Signed-off-by: Ofir Bitton <obitton@habana.ai>
Reviewed-by: Oded Gabbay <ogabbay@kernel.org>
Signed-off-by: Oded Gabbay <ogabbay@kernel.org>
---
 drivers/misc/habanalabs/gaudi/gaudi.c | 219 +++++++++-----------------
 1 file changed, 71 insertions(+), 148 deletions(-)

diff --git a/drivers/misc/habanalabs/gaudi/gaudi.c b/drivers/misc/habanalabs/gaudi/gaudi.c
index 007248946b63..68b1187c9c1f 100644
--- a/drivers/misc/habanalabs/gaudi/gaudi.c
+++ b/drivers/misc/habanalabs/gaudi/gaudi.c
@@ -1000,9 +1000,27 @@ static void gaudi_sob_group_reset_error(struct kref *ref)

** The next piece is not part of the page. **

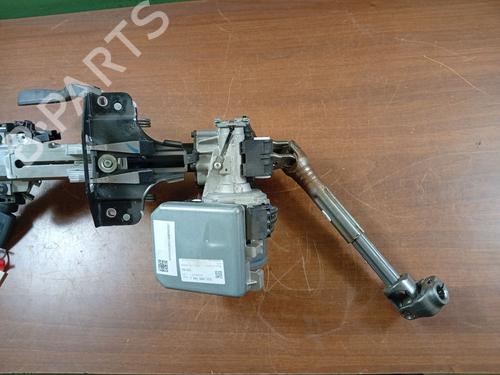 Steering column SEAT ARONA (KJ7, KJP) 1.0 TSI | BP30314833M21 - Image 3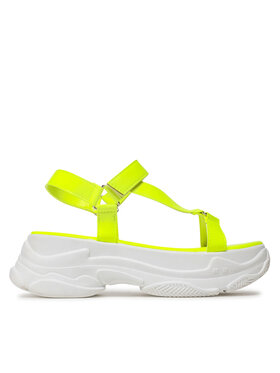 Jenny Fairy Jenny Fairy Sandali AJA0924-12 Zelena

 		hw_sob_group->base_sob_id);
 }
 
+static void gaudi_collective_mstr_sob_mask_set(struct gaudi_device *gaudi)
+{
+	struct gaudi_collective_properties *prop;
+	int i;
+
+	prop = &gaudi->collective_props;
+
+	memset(prop->mstr_sob_mask, 0, sizeof(prop->mstr_sob_mask));
+
+	for (i = 0 ; i < NIC_NUMBER_OF_ENGINES ; i++)
+		if (gaudi->hw_cap_initialized & BIT(HW_CAP_NIC_SHIFT + i))
+			prop->mstr_sob_mask[i / HL_MAX_SOBS_PER_MONITOR] |=
+					BIT(i % HL_MAX_SOBS_PER_MONITOR);
+	/* Set collective engine bit */
+	prop->mstr_sob_mask[i / HL_MAX_SOBS_PER_MONITOR] |=
+				BIT(i % HL_MAX_SOBS_PER_MONITOR);
+}
+
 static int gaudi_collective_init(struct hl_device *hdev)
 {
-	u32 i, master_monitor_sobs, sob_id, reserved_sobs_per_group;
+	u32 i, sob_id, reserved_sobs_per_group;
 	struct gaudi_collective_properties *prop;
 	struct gaudi_device *gaudi;
 
@@ -1028,22 +1046,7 @@ static int gaudi_collective_init(struct hl_device *hdev)
 		gaudi_collective_map_sobs(hdev, i);
 	}
 
-	prop->mstr_sob_mask[0] = 0;
-	master_monitor_sobs = HL_MAX_SOBS_PER_MONITOR;
-	for (i = 0 ; i < master_monitor_sobs ; i++)
-		if (gaudi->hw_cap_initialized & BIT(HW_CAP_NIC_SHIFT + i))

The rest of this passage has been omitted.